▸ **Captioned web images**:
[Start of Attachment]

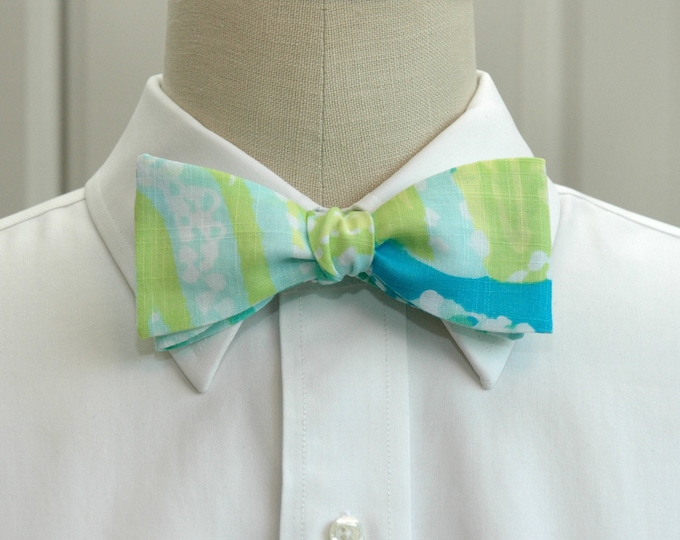 Bow Tie, turquoise/aqua/lime bow tie, beach bow tie, wedding bow tie, groom/groomsmen bow tie, prom bow tie, sea urchins, ocean theme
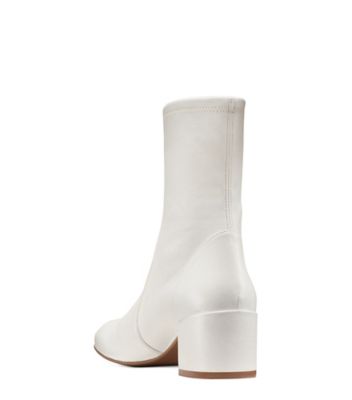 Stuart Weitzman,Bottine Odetta 50,Bootie,Cuir nappa extensible,Crème,Back View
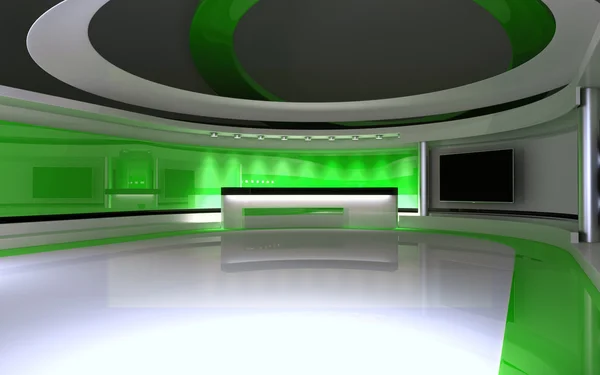 Televizyon stüdyosu. Haber stüdyosu. Yeşil Stüdyo. Herhangi bir yeşil ekran veya renk anahtarı video veya fotoğraf üretimi için mükemmel bir zemin. 3d render. 3d görselleştirme — Stok fotoğraf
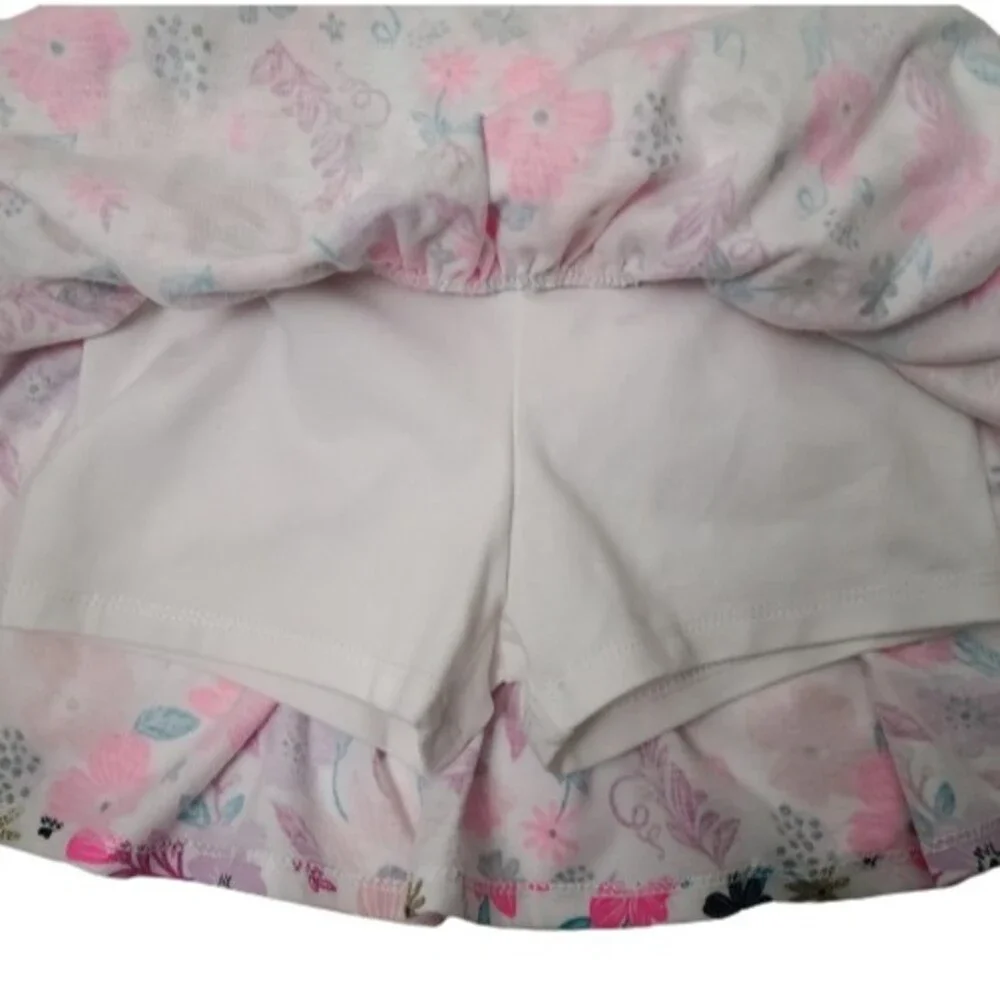 Cynthia Rowley Girls 3 Pc Set T-Shirt 2 Skorts Pink White Fairy Sz M 5 6 Outfit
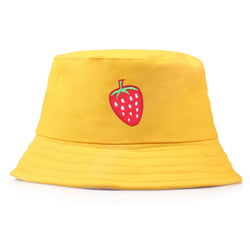 Embroidered strawberry sunscreen sun hat fisherman hat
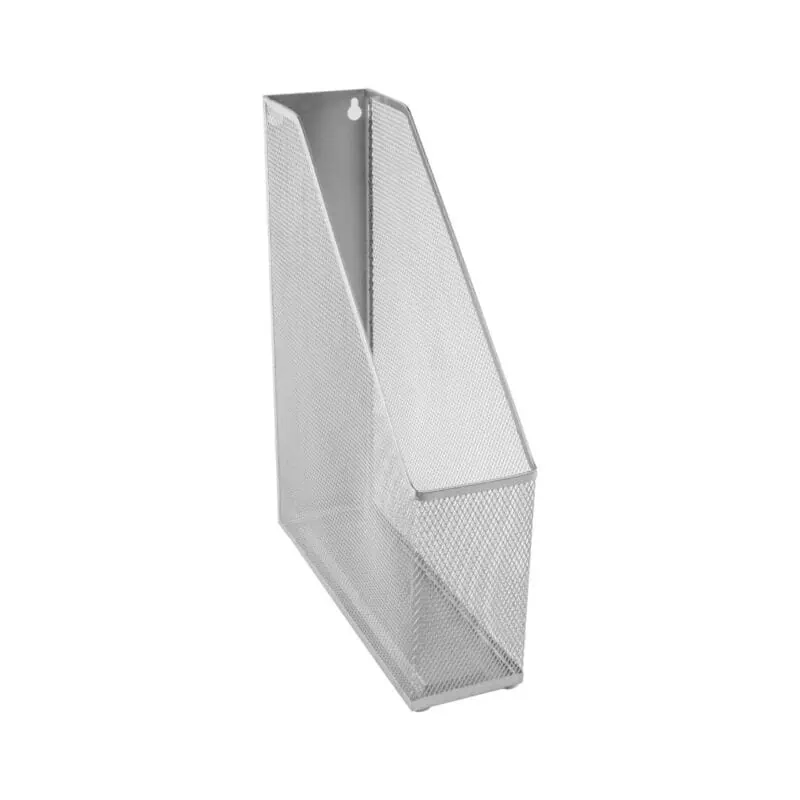 A metal file holder with mesh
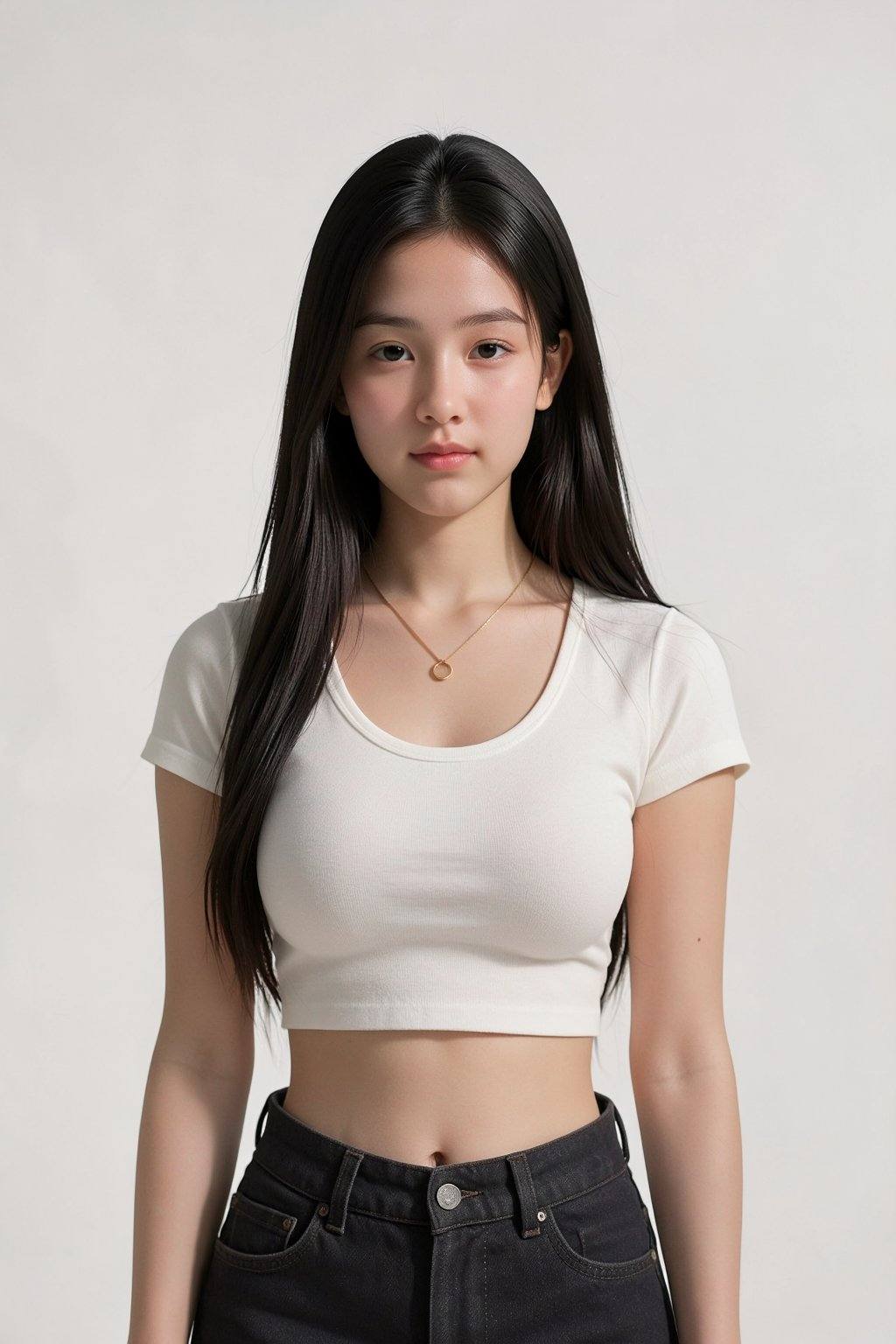 A young East Asian woman,  appearing to be in her early twenties,  is centered in a studio portrait against a stark white...
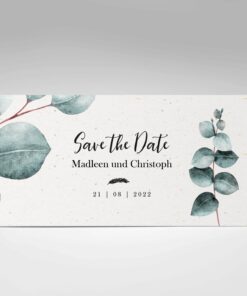 Save the Date Karte, SavetheDate, Hochzeitsdatum, Hochzeitseinladung, Eukalyptus, Natur, Naturpapier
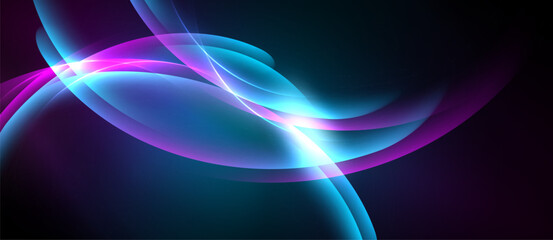 Abstract flowing lines, vibrant blues, purples, bright light create dynamic energy. Smooth curves suggest movement, depth.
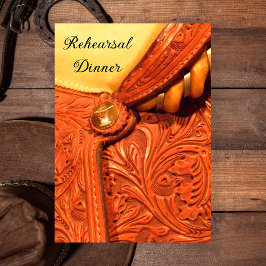 Western Saddle Country Hochzeit Probe Dinner Einladung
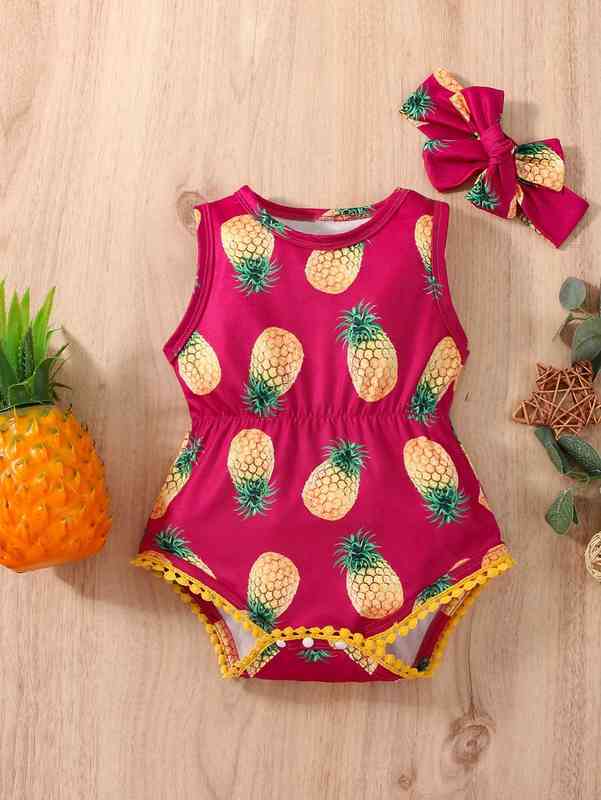 Baby Pineapple Print Bodysuit & Headband SHE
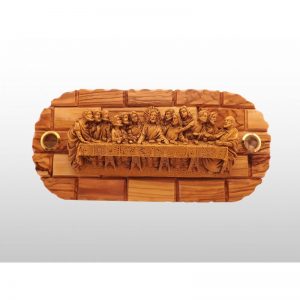 La Ultima Cena, colgante, hecha a mano de madera de olivo, yeso, incienso y tierra-344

[End of Attachment]

▸ **Task directions**:
All of the entries above should be copied exactly, with the images left out.

▸ **Result of this exercise**:
 Bow Tie, turquoise/aqua/lime bow tie, beach bow tie, wedding bow tie, groom/groomsmen bow tie, prom bow tie, sea urchins, ocean theme
 Stuart Weitzman,Bottine Odetta 50,Bootie,Cuir nappa extensible,Crème,Back View
 Televizyon stüdyosu. Haber stüdyosu. Yeşil Stüdyo. Herhangi bir yeşil ekran veya renk anahtarı video veya fotoğraf üretimi için mükemmel bir zemin. 3d render. 3d görselleştirme — Stok fotoğraf
 Cynthia Rowley Girls 3 Pc Set T-Shirt 2 Skorts Pink White Fairy Sz M 5 6 Outfit
 Embroidered strawberry sunscreen sun hat fisherman hat
 A metal file holder with mesh
 A young East Asian woman,  appearing to be in her early twenties,  is centered in a studio portrait against a stark white...
 Save the Date Karte, SavetheDate, Hochzeitsdatum, Hochzeitseinladung, Eukalyptus, Natur, Naturpapier
 Abstract flowing lines, vibrant blues, purples, bright light create dynamic energy. Smooth curves suggest movement, depth.
 Western Saddle Country Hochzeit Probe Dinner Einladung
 Baby Pineapple Print Bodysuit & Headband SHE
 La Ultima Cena, colgante, hecha a mano de madera de olivo, yeso, incienso y tierra-344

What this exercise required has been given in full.